Sie legt mehrere Seidenbahnen auf die Theke. "Aber unsere Nachbarn hielten die Rote Karte hoch. Da habe ich mir in Warschau eine neue Arbeit gesucht. In den Urlaub fahre ich in diesem Sommer nach Zypern."
Ab dem 1. Mai können Bürger aus den acht osteuropäischen Ländern, die 2004 der EU beigetreten sind, auch in Deutschland und Österreich legal arbeiten. Eine spezielle Arbeitserlaubnis, die bisher nötig war, brauchen sie nicht mehr. Der Grund: 2004 hatten mehrere Altmitglieder der EU ihre Ampeln auf Rot gestellt, da sie glaubten, ihre Arbeitnehmer vor einem Ansturm aus dem Osten schützen zu müssen.
Nach und nach öffneten sie aber ihre Arbeitsmärkte. Großbritannien, Irland und Schweden profitierten in ungeahntem Maße von den Arbeitsmigranten. Auch Norwegen, das kein EU-Mitglied ist, warb bereits 2004 in Polen und Litauen intensiv um Ingenieure, qualifizierte Handwerker und Bauarbeiter.
Seit einiger Zeit suchen nun auch private Arbeitsagenturen und Headhunter aus Deutschland und Österreich den polnischen Arbeitsmarkt nach Fachkräften ab. Doch das Interesse hält sich in Grenzen. Löhne und Gehälter in den beiden Ländern sind längst nicht mehr so attraktiv wie vor sieben Jahren, als die Arbeitslosenrate in Polen bei knapp 20 Prozent und das Durchschnittseinkommen unter 1.000 Euro lag.
Beibehaltung des Status quo
Zudem arbeiten - trotz der bisherigen Beschränkungen - bereits heute rund 400.000 Polen legal in Deutschland. Insgesamt sind es knapp 600.000 Arbeitnehmer aus den osteuropäischen EU-Mitgliedsländern. Nach Österreich zieht es jährlich knapp 10.000 Arbeitnehmer aus Osteuropa, vor allem aus Ungarn und Tschechien.
Ein Großteil sind Saisonkräfte, die zur Weinlese kommen und bei der Obst- und Spargelernte helfen. Aus Angst vor Dumpinglöhnen legten die Regierungen in Deutschland und Österreich Mindestlöhne zwischen 8 und 12 Euro fest - für Krankenschwestern und Pflegekräfte, für Bauarbeiter, Elektriker, Klempner, Dachdecker, Maler und Kfz-Mechaniker. Zuletzt wurde auch für Leiharbeiter ein einheitlicher Mindestlohn vereinbart. Er bindet auch polnische Firmen.

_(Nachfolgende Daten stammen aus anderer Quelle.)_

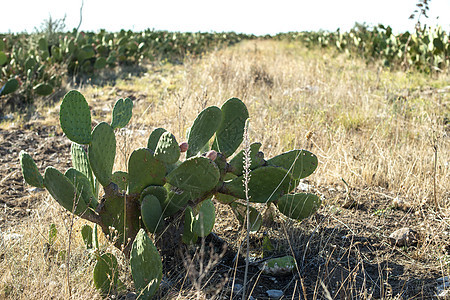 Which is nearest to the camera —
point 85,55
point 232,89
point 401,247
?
point 401,247

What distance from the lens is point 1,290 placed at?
185 cm

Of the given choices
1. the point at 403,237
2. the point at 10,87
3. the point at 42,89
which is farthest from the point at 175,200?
the point at 42,89

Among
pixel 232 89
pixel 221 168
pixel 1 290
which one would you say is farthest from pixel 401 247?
pixel 232 89

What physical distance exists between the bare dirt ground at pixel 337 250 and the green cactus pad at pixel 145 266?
0.20 metres

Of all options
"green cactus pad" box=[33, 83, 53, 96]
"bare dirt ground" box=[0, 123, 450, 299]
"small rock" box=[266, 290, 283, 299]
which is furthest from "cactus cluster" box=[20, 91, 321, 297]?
"green cactus pad" box=[33, 83, 53, 96]

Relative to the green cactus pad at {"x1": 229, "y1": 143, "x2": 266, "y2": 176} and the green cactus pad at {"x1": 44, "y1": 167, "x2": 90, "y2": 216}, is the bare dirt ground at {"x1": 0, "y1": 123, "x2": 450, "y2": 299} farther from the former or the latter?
the green cactus pad at {"x1": 44, "y1": 167, "x2": 90, "y2": 216}

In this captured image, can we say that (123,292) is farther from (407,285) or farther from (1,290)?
(407,285)

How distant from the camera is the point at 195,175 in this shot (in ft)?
6.91

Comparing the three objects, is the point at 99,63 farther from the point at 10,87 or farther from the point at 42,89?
the point at 10,87

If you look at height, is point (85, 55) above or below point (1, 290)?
above

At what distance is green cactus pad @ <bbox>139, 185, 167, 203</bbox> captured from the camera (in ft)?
7.18

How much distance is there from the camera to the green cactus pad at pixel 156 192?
2188 mm

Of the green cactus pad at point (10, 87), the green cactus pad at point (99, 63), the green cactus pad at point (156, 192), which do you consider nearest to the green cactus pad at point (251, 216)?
the green cactus pad at point (156, 192)

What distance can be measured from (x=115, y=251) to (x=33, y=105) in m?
4.71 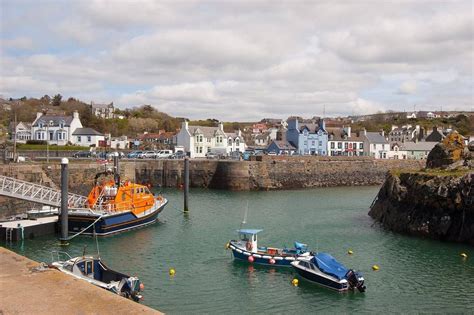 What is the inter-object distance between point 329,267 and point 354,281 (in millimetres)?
1430

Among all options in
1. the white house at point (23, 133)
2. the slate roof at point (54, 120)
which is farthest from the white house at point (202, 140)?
the white house at point (23, 133)

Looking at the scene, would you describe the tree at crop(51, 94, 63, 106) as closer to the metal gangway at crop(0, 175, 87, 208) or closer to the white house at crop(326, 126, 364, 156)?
the white house at crop(326, 126, 364, 156)

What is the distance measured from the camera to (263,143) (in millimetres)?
131625

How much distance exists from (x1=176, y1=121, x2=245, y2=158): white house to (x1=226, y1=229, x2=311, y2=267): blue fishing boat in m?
61.0

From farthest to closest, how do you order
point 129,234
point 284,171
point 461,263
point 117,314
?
1. point 284,171
2. point 129,234
3. point 461,263
4. point 117,314

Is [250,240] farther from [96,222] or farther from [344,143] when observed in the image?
[344,143]

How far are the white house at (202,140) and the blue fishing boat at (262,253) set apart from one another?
61.0 metres

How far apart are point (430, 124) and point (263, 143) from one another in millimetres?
70126

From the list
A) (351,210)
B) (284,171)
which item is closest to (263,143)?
(284,171)

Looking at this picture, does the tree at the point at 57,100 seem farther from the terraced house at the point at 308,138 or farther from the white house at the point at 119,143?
the terraced house at the point at 308,138

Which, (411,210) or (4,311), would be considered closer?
(4,311)

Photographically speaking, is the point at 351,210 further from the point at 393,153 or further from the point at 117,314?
the point at 393,153

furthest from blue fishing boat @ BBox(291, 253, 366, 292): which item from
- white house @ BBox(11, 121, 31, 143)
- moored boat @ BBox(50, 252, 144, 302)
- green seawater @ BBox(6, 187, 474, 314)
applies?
white house @ BBox(11, 121, 31, 143)

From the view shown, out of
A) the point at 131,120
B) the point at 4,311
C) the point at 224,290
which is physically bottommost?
the point at 224,290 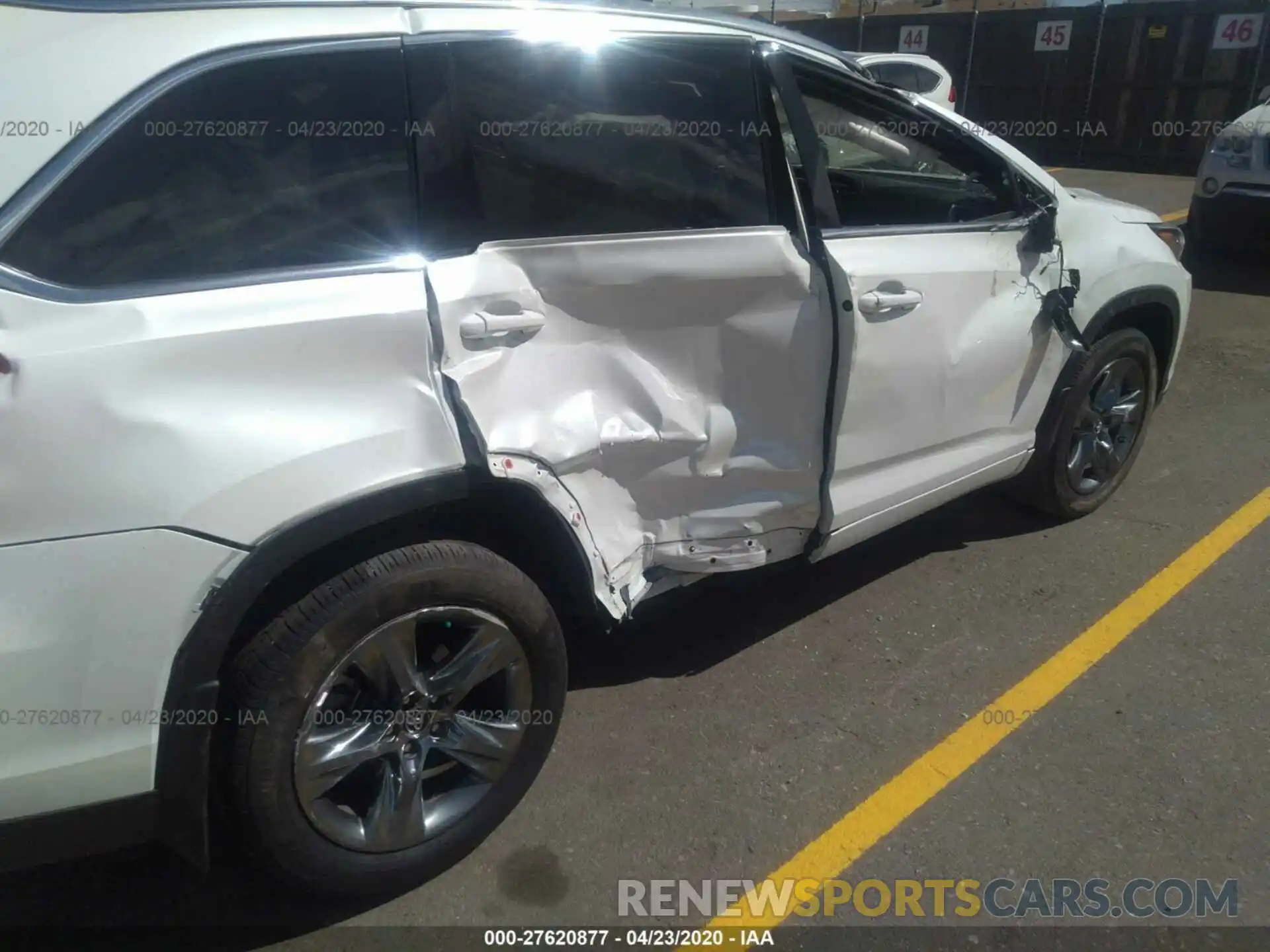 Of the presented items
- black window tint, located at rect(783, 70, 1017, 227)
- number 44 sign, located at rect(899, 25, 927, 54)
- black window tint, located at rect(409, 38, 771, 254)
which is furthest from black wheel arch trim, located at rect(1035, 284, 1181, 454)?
number 44 sign, located at rect(899, 25, 927, 54)

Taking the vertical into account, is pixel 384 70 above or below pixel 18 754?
above

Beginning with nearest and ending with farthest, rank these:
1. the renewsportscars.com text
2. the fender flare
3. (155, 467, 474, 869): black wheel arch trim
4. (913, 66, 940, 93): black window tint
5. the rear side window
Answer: (155, 467, 474, 869): black wheel arch trim, the renewsportscars.com text, the fender flare, the rear side window, (913, 66, 940, 93): black window tint

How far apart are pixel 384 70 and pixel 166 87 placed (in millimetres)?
461

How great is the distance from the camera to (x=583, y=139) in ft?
8.26

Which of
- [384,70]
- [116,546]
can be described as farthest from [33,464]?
[384,70]

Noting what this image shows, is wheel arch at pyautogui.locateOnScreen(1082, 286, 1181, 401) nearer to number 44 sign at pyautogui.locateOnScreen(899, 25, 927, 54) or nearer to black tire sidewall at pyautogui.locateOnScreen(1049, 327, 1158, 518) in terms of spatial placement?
black tire sidewall at pyautogui.locateOnScreen(1049, 327, 1158, 518)

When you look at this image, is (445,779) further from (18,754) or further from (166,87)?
(166,87)

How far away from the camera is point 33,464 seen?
5.57 feet

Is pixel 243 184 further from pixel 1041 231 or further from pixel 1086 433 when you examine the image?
pixel 1086 433

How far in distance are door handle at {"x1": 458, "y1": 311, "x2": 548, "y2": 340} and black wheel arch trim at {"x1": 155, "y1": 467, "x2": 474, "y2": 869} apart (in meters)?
0.36

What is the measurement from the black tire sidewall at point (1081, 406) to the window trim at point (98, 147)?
270 cm

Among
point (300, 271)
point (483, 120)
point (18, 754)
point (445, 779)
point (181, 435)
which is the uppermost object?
point (483, 120)

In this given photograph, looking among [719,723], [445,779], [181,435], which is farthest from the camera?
[719,723]

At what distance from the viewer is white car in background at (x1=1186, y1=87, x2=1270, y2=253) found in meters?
7.89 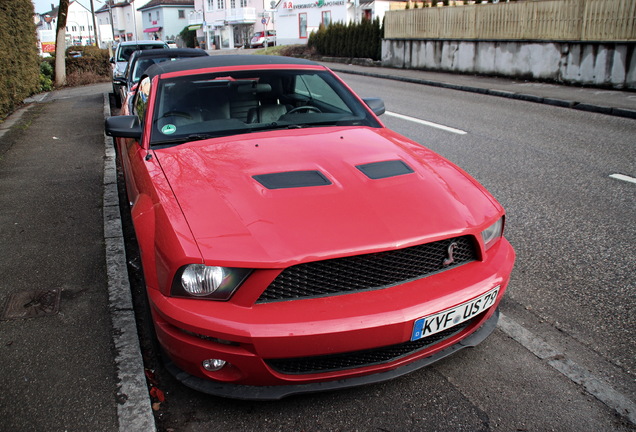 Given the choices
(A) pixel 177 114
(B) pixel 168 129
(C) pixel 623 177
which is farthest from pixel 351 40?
(B) pixel 168 129

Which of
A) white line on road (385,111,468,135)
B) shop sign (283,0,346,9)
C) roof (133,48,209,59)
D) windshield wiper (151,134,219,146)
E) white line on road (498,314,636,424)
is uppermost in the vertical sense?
shop sign (283,0,346,9)

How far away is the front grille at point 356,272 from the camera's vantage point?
7.32ft

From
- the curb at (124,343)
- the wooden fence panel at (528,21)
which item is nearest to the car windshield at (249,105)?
the curb at (124,343)

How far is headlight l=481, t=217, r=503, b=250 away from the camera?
2.70 meters

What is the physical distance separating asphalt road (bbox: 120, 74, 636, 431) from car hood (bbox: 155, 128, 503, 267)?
0.77 meters

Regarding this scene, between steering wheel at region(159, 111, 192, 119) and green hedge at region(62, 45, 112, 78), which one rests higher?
green hedge at region(62, 45, 112, 78)

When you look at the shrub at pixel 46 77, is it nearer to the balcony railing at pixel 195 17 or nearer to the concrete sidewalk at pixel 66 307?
the concrete sidewalk at pixel 66 307

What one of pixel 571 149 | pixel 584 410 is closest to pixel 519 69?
pixel 571 149

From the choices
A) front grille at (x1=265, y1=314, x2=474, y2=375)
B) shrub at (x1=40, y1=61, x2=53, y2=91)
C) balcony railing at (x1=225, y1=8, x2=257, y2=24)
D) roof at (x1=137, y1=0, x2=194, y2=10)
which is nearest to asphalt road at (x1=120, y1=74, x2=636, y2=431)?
front grille at (x1=265, y1=314, x2=474, y2=375)

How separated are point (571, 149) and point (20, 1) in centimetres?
1442

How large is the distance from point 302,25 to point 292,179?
53.9 meters

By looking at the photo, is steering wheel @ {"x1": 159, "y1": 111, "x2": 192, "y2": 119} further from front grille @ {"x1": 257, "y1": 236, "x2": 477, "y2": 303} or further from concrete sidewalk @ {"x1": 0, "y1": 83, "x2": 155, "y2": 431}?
front grille @ {"x1": 257, "y1": 236, "x2": 477, "y2": 303}

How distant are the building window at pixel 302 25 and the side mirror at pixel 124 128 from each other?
51871mm

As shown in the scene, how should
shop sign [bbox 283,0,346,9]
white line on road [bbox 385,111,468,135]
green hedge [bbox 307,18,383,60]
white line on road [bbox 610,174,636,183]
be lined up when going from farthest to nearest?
shop sign [bbox 283,0,346,9], green hedge [bbox 307,18,383,60], white line on road [bbox 385,111,468,135], white line on road [bbox 610,174,636,183] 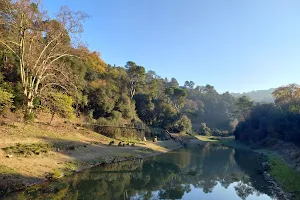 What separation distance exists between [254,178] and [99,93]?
30495 mm

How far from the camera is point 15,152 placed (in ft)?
55.5

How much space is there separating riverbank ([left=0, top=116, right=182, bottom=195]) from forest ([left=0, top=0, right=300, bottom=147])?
2498 millimetres

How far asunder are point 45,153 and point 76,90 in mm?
11493

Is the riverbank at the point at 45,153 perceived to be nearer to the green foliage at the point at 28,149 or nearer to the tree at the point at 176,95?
the green foliage at the point at 28,149

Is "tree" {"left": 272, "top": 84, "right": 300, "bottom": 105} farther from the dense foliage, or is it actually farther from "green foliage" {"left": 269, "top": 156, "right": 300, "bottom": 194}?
"green foliage" {"left": 269, "top": 156, "right": 300, "bottom": 194}

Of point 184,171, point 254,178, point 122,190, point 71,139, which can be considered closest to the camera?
point 122,190

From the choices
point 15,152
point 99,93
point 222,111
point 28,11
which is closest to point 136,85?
point 99,93

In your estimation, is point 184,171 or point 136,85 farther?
point 136,85

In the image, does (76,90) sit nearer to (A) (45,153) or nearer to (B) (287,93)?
(A) (45,153)

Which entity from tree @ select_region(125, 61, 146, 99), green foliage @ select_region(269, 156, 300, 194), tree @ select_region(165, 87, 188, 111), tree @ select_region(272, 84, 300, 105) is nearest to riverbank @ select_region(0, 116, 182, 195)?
green foliage @ select_region(269, 156, 300, 194)

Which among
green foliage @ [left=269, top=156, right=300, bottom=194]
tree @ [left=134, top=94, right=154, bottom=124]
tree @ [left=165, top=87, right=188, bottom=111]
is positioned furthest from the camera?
tree @ [left=165, top=87, right=188, bottom=111]

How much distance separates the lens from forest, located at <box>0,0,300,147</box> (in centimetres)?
2341

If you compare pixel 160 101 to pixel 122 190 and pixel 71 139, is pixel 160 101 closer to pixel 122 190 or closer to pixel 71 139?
pixel 71 139

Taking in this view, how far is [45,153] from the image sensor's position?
1948 cm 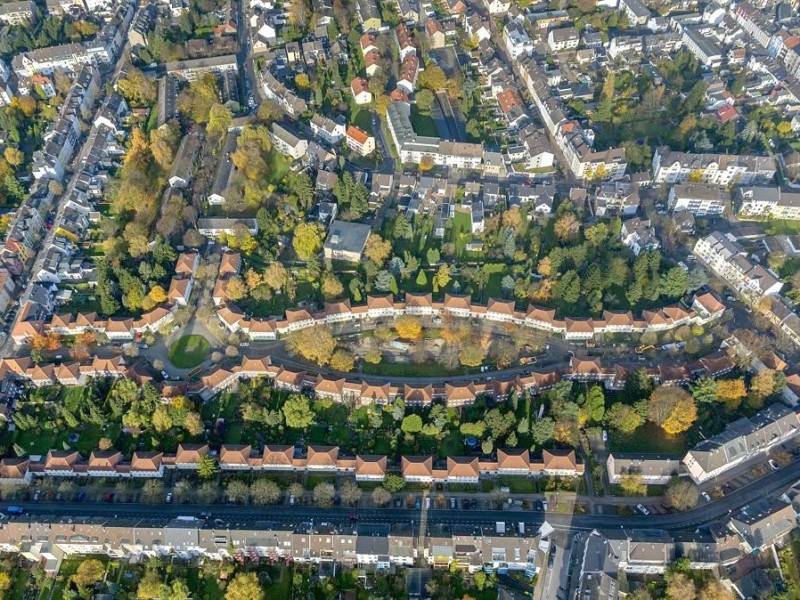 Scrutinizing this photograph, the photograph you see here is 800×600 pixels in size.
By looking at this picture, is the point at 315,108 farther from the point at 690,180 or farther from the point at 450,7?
the point at 690,180

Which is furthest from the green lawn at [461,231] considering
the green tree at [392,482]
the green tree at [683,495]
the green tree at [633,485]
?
the green tree at [683,495]

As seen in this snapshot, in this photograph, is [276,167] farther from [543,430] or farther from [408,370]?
[543,430]

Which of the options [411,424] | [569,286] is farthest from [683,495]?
[411,424]

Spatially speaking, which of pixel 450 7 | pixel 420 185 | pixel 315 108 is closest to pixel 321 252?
pixel 420 185

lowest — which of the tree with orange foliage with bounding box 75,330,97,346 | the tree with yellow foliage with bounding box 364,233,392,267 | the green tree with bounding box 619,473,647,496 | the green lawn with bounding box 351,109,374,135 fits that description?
the green tree with bounding box 619,473,647,496

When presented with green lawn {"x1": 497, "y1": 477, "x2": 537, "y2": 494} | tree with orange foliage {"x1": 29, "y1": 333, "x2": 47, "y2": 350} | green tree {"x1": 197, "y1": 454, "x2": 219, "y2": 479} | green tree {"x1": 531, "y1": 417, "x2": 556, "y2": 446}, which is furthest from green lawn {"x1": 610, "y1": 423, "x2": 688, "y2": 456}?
tree with orange foliage {"x1": 29, "y1": 333, "x2": 47, "y2": 350}

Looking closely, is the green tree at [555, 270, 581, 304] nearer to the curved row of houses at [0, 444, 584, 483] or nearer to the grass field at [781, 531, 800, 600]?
the curved row of houses at [0, 444, 584, 483]

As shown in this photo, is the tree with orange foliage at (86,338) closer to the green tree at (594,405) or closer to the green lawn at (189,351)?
the green lawn at (189,351) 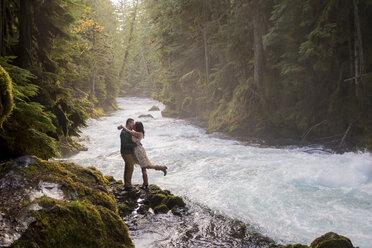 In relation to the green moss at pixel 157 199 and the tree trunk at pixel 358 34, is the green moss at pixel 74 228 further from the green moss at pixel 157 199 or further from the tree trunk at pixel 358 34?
the tree trunk at pixel 358 34

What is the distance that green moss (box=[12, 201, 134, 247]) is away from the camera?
333 centimetres

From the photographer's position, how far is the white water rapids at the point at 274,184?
6004mm

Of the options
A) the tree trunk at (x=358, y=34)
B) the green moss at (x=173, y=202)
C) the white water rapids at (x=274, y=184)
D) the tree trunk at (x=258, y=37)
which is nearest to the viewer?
the white water rapids at (x=274, y=184)

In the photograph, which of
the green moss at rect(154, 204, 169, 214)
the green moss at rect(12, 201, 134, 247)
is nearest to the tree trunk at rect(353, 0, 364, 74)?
the green moss at rect(154, 204, 169, 214)

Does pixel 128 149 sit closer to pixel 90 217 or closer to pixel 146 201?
pixel 146 201

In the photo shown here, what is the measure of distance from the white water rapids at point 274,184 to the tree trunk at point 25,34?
485cm

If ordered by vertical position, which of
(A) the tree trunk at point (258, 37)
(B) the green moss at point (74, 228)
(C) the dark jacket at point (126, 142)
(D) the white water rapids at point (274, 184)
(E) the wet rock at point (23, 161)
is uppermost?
(A) the tree trunk at point (258, 37)

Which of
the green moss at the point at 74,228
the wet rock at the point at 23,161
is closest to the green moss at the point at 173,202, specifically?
the green moss at the point at 74,228

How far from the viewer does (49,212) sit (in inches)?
142

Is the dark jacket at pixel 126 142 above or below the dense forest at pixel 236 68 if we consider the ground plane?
below

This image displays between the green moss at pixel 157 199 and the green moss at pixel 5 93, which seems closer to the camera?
the green moss at pixel 5 93

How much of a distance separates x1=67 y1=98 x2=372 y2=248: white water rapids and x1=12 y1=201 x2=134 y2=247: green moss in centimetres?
311

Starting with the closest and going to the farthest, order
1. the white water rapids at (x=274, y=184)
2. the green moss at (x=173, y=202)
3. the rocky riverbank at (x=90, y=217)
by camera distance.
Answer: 1. the rocky riverbank at (x=90, y=217)
2. the white water rapids at (x=274, y=184)
3. the green moss at (x=173, y=202)

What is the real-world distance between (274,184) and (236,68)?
12076 mm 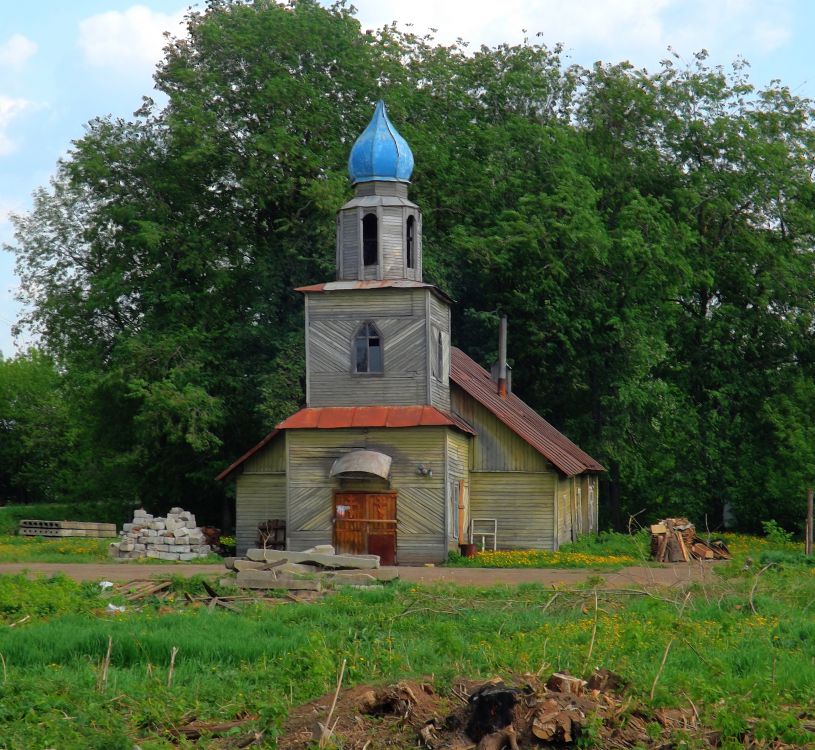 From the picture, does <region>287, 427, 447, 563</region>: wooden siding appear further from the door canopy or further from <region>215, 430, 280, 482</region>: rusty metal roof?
<region>215, 430, 280, 482</region>: rusty metal roof

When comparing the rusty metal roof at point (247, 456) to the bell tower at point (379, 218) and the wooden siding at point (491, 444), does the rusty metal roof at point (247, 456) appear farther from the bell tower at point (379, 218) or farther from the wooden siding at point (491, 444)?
the wooden siding at point (491, 444)

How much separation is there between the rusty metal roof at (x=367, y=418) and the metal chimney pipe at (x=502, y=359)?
6814 mm

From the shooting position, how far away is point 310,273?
40906 millimetres

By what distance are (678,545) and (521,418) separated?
26.5 ft

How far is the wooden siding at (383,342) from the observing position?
32.5 meters

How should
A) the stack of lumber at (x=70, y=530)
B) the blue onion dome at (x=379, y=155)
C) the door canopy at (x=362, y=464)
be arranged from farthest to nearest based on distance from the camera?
the stack of lumber at (x=70, y=530) → the blue onion dome at (x=379, y=155) → the door canopy at (x=362, y=464)

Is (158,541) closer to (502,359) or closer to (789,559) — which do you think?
(502,359)

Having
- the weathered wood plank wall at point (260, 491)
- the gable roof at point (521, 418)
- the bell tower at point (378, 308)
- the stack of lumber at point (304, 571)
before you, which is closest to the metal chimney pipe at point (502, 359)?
the gable roof at point (521, 418)

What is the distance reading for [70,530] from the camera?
4175 cm

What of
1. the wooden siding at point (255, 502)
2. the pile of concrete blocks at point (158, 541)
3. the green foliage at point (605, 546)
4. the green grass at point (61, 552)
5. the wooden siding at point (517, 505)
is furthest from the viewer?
the wooden siding at point (255, 502)

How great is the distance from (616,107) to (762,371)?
36.0ft

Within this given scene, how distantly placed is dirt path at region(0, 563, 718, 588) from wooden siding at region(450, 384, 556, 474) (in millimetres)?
5715

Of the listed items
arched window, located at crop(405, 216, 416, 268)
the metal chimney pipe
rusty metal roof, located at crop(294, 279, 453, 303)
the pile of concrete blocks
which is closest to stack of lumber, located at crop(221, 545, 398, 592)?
the pile of concrete blocks

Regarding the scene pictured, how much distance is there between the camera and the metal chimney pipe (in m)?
39.1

Pawel Kaczmarczyk vom Migrationsforschungszentrum der Universität Warschau sieht dem 1. Mai gelassen entgegen: "Ich rechne nicht mit einem Massenansturm polnischer Arbeitskräfte auf Deutschland und Österreich", sagte er am Dienstag auf einer Fachkonferenz in Warschau. Das wahrscheinlichste Szenario sei die Beibehaltung des Status quo.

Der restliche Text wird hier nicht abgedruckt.